John Grisham’s latest bestseller is more A Painted House than The Firm, although it includes elements of both. It involves a murder and the legal system and would have been a more captivating read if it had focused on that. Here’s my problem – Grisham writes the driving legal thriller really well. The Firm, The Client, A Time to Kill. But he does not write slow, easy, introspection well – leave that for Toni Morrison or Anne Tyler.

The Last Juror starts slow and gets slower, with one brief spike that grabs you in the middle. It’s the story of a lazy young college grad from up north who winds up buying the small town weekly newspaper in Clanton, Mississippi. He covers a spectacular murder and the trial that follows, but then the book gets into everything from anti-Vietnam sentiment to anti-Walmart – all without passion or innovation.

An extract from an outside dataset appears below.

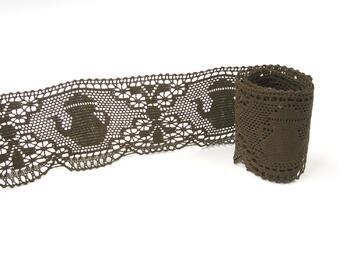 Cotton bobbin lace 75061, width 63 mm, dark brown - 1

Near the end of the book, the main character says he is sick of Clanton, and I knew exactly how he felt. I was sick of it too. I feel where Grisham wants to go, but it’s just not working for me. Grisham is just not literary enough to be that boring.

Having said that, a mediocre Grisham is still better than a whole lot of other books out there, so take my disappointment with a grain of salt. John Grisham’s latest legal thriller without the thriller part is The Last Juror. On the Book Beat for KSL Newsradio 1160, I’m Amanda Dickson.